# Task prompt
Return the listing below exactly as it stands. Pictures stay out.

** Opening Supplied information block **

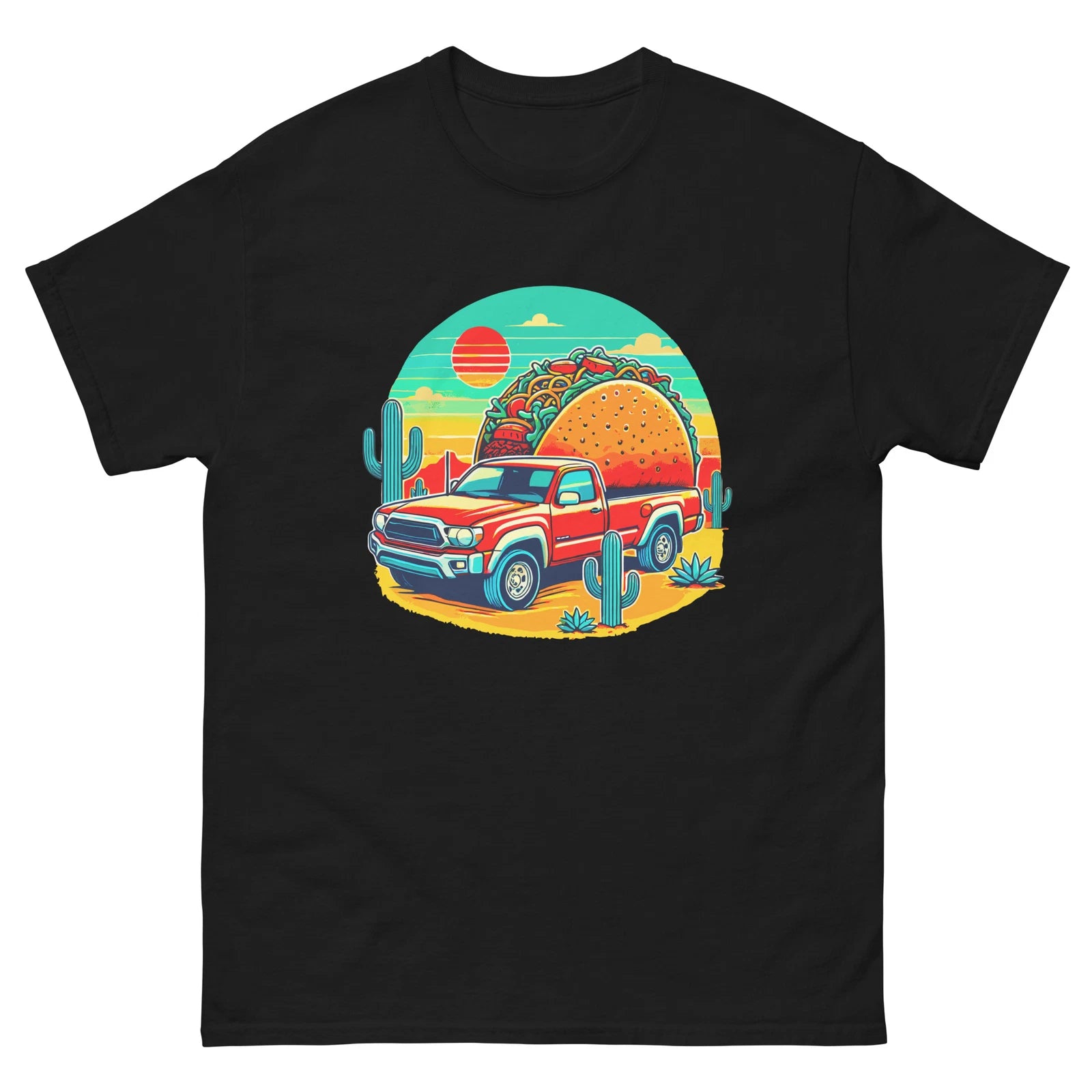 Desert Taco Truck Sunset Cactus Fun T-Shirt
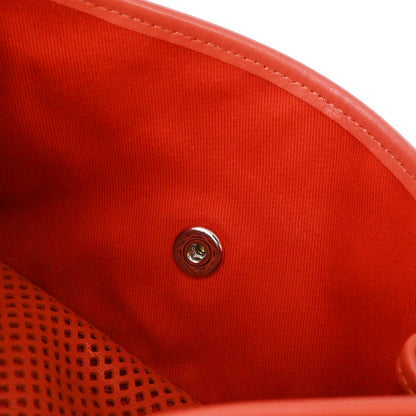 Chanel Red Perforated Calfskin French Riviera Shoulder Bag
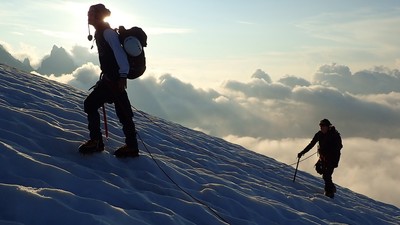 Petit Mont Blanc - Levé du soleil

** Closing Supplied information block **

# Task answer
 Desert Taco Truck Sunset Cactus Fun T-Shirt
 Chanel Red Perforated Calfskin French Riviera Shoulder Bag
 Petit Mont Blanc - Levé du soleil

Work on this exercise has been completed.